Discover all there is to know about human anatomy in DK's latest concise visual guide to the human body. Fully updated to reflect the latest medical information, The Concise Human Body Book is illustrated throughout with colourful and comprehensive diagrams, photographs, scans, and 3D artworks, which take you right into the cells and fibres that are responsible for keeping your body ticking.
The Concise Human Body Book provides full coverage of the body, function by function, system by system. In the opening chapter, colourful medical scans, illustrations, and easy-to-understand diagrams show you how the different parts of the body work together to produce a living whole. Eleven main body systems - including the skeletal system, cardiovascular system, and respiratory system - are then covered in intricate detail in the following chapters, with each section ending on common diseases and disorders that can affect that system.
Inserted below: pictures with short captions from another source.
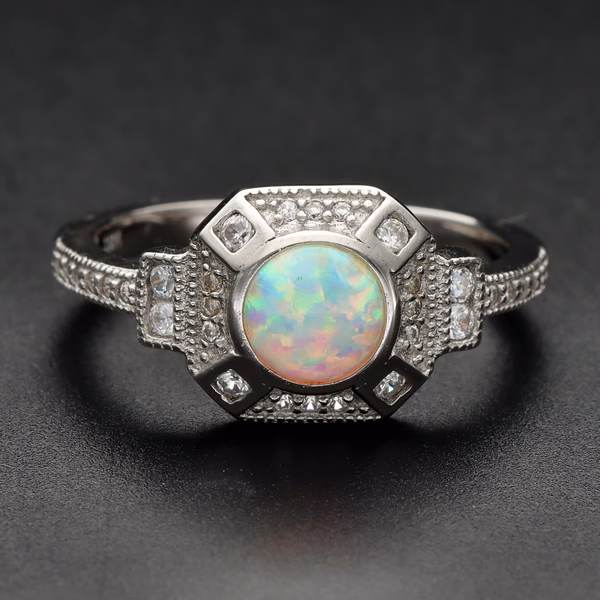 Silver 925 Cubic Zirconia and Opal Ring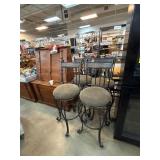 Four Metal Swivel Bar Stools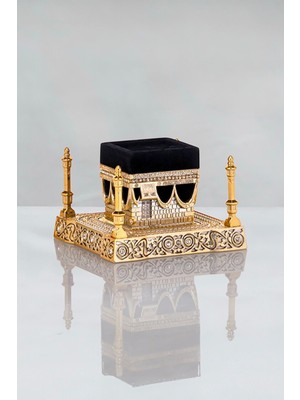 Zirkon Taşlı Gold Dört Köşe Kuleli Kabe 12*8  cm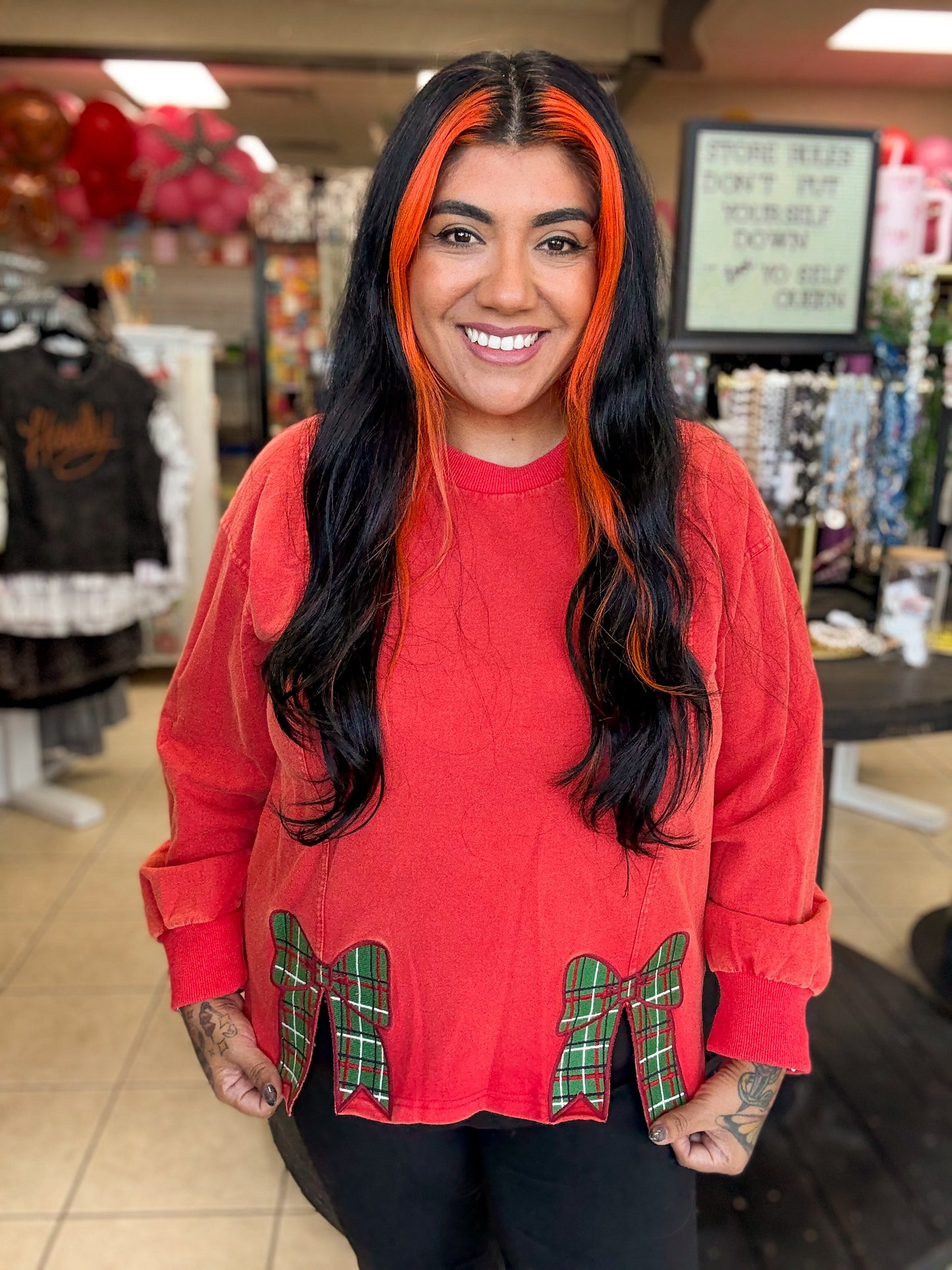 Red Bow Detail Crewneck Sweater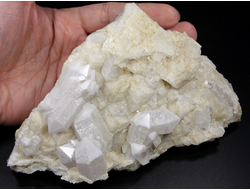 Кварц молочный на Кальците, друза, Россия, Дальнегорск (160*100*55 мм, 670 г) №26036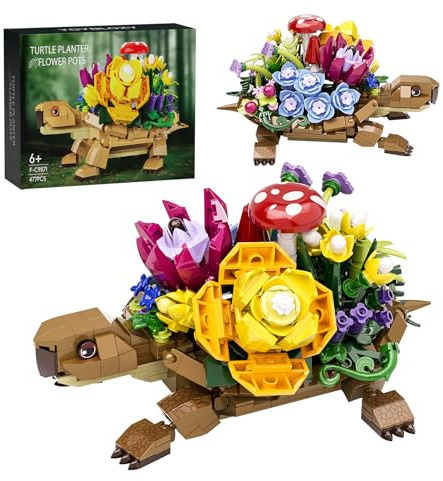 Millionspring Schildkröten-Tierspielzeug-Bausatz, Meeresschildkröte mit Blumentopf-Baustein, lustiger Bausatz für Erwachsene und Kinder ab 6 Jahren, Geburtstags (509 Teile)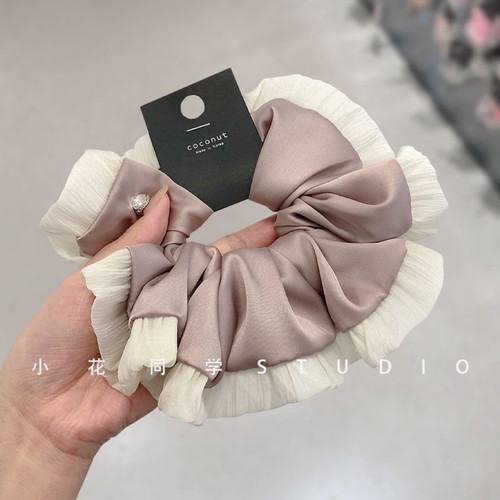 韩版饰品2025新款藕粉色黑色缎面米白色蕾丝褶皱木耳边发圈大肠圈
From bones and muscles to systems and processes, this in-depth, pocket-sized guide to the body's physical structure, chemical workings, and potential problems is the must-have reference manual for trainee medical professionals, students, or anyone interested in finding out more about how the human body works.
Steve Parker is a British science writer of children's and adult's books. He has written more than 300 titles and contributed to or edited another 150.
Born in Warrington, Lancashire, in 1952, Parker attended Strodes College, Egham and gained a BSc First Class Honours in Zoology at the University of Wales, Bangor. He worked as an exhibition scientist at the Natural History Museum, and as editor and managing editor at Dorling Kindersley Publishers, and commissioning editor at medical periodical GP, before becoming a freelance writer in the late 1980s. He is a Senior Scientific Fellow of the Zoological Society of London. Parker is based in Suffolk with his family.
Parker's writing career began with 10 early titles in Dorling Kindersley's multi-award-winning Eyewitness series, from the late 1980s to the late 1990s. He has since worked for more than a dozen children's book publishers and been shortlisted for, among others, the Rhone-Poulenc Science Book Prize, Times Educational Information Book of the Year, and Blue Peter Book Award.
It was just an easy read of the human body. If you are taking a basic biology class or are simply interested in getting to know the human body a bit more in depth this book will be perfect for you. It isn’t hard to understand and things are explained really well. Not much else to say, it’s just an informative book about the human body.
4,5/5. The title says it all! A very nice little atlas of the human body. The good explication and the simple organization made it easy to consult and browse through, I read it cover to cover, but you can easily just search through it for specific information. The graphic and picture, all color, also help greatly to understand and visualize the concept presented. I do think that some part could have go deeper and that author did get very deep into the subject, so that would be the little minus I give it, the different levels of depth from some categories to others. But it did gave me a nice introduction to anatomy and now I want to find more book and continue to study this subject. Nice book for beginners I would say!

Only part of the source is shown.